Ukrainian rhythmic gymnast (born 1999)

Yana Yarosh (Ярош Яна Владимировна, born 5 July 1999 in Odessa, Ukraine) is a retired Ukrainian individual rhythmic gymnast.

== Personal life==
She currently lives in Tenerife, Canary Islands and works as a coach at Club Gimnasia Rítmica Costa Adeje. She got married in March 2025. That same year she gave birth to a son Mark.

== Career ==
Her first coach was Natalya Gennadyevna Lipkina.

===Junior===
She competed at the 2014 Junior European Championships in Baku, Azerbaijan, alongside Valeriya Khanina, Mariia Mulyk and Diana Myzherytska.

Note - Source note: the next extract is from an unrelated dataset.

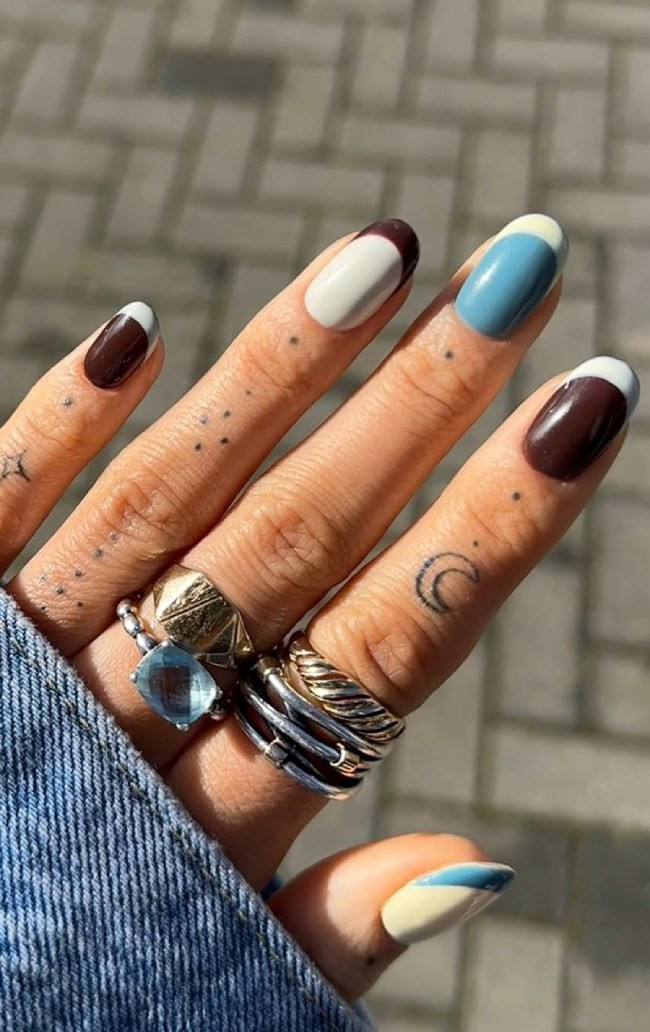 Color Block French Tips On All Nails Visual Idea Color Block French Tips On All Nails Visual Idea — Color Block Nails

They took 5th place in team competition. She competed with ball (14th place) and ribbon (11th place).

===Senior===
In 2017, she won bronze medal in all-around at Ukrainian National Championships. In March, she competed at Grand Prix Kiev and took 16th place in all-around and 6th place in ribbon final. On 27–29 August Yarosh represented Ukraine at the 2017 Summer Universiade in Taipei, finishing 12th in the all-around. She finished 7th in hoop, 8th in ball and 6th in clubs.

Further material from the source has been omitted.